IPC in Linux

IPC refers to the mechanisms used for Interprocess Communication. In Linux, IPC comprises the following components.

1. Pipes and FIFOs

Pipes and pipe programming are covered in section 3.10.1 of Chap. 3. A pipe has aread end and a write end. A typical usage of pipe is to connect a pair of pipe writer and read processes. A pipe writer process writes data to a pipe and a reader process reads data form the pipe. Pipe write and read operations are synchronized by the pipe’s control mechanism. Unnamed pipes are for related processes. Named pipes are FIFOs, which can be used by unrelated processes. In Linux, pipe read operation is synchronous and blocking. The reader process waits if the pipe still has writer but no data.

If desired, pipe operations can be changed to nonblocking by the fcntl system call on pipe descriptors.

2. Signals

Processes may use the kill system call to send signals to other processes, which use signal catchers to handle the signals. A major weakness of using signals as IPC is that they can only be used as notifications, which do not contain any information contents.

3. System V IPC

Linux supports System V IPC, which include shared memory, semaphores and message queues. In Linux, System V IPC functions, such as shmat/shmdt for attaching/detaching shared memory, semget/ semop for getting/ operating on semaphores and msgsnd/msgrcv for sending/receiving messages are library wrapper functions, all of which issue the single ipc() system call to the Linux kernel. The implementation of ipc() is Linux specific, which may not be portable.

4. POSIX Message Queues

The POSIX standard (IEEE 1003.1-2001) defines an IPC mechanism based on message queues. They are similar to the System V IPC’s message queues but more general and portable.

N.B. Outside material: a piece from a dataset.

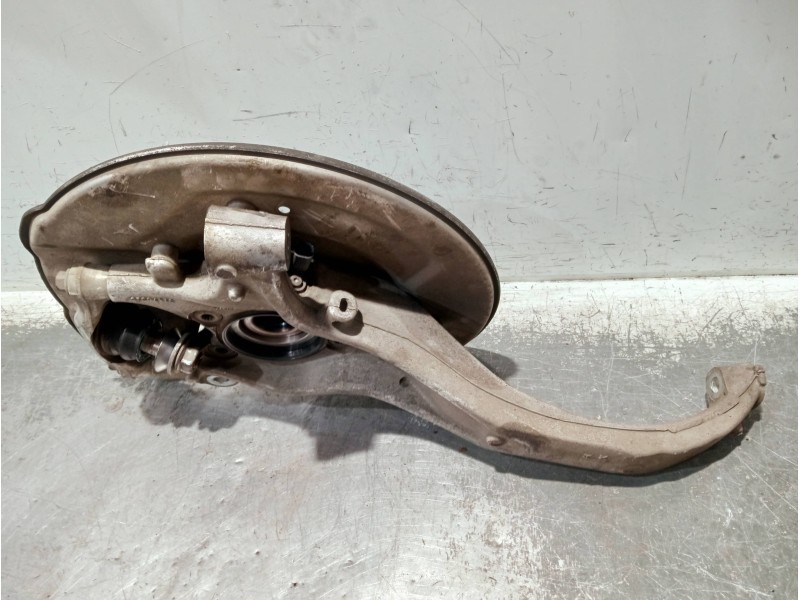 Recambio de mangueta delantera izquierda para volvo v60 familiar referencia OEM IAM 31476315  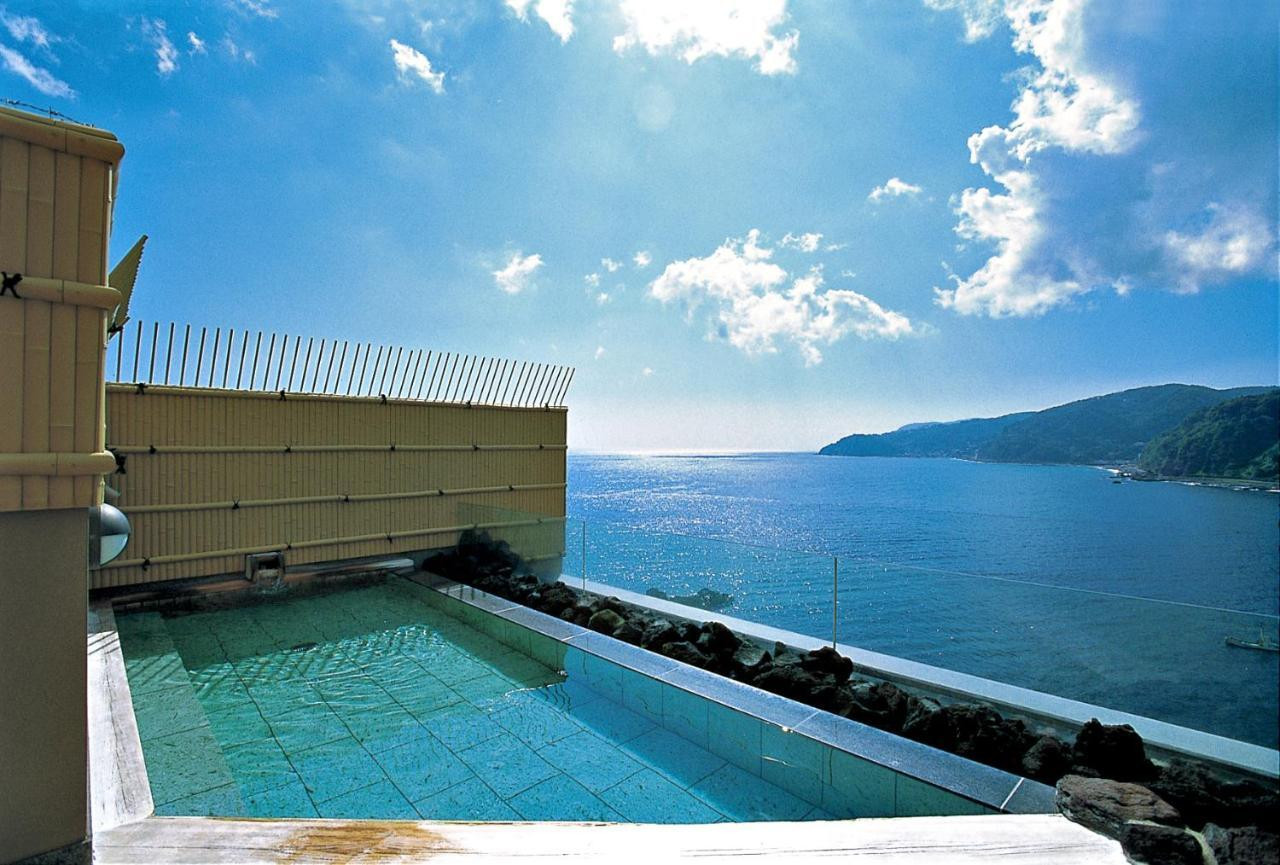 インフィニティ風呂で浮遊感を楽しもう4759222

5. Threads Synchronization Mechanisms

Linux dose not distinguish between processes and threads. In Linux, processes are threads sharing some common resources. If processes are created with the clone() system call with shared address space, they can communicate by shared memory using mutex and condition variables for synchroni­zation. Alternatively, regular processes can attach to a shared memory, allowing them to be synchronized as threads.

6. Sockets

Sockets are IPC mechanisms for process communication over networks. Sockets and network pro­gramming will be covered in Chap. 13.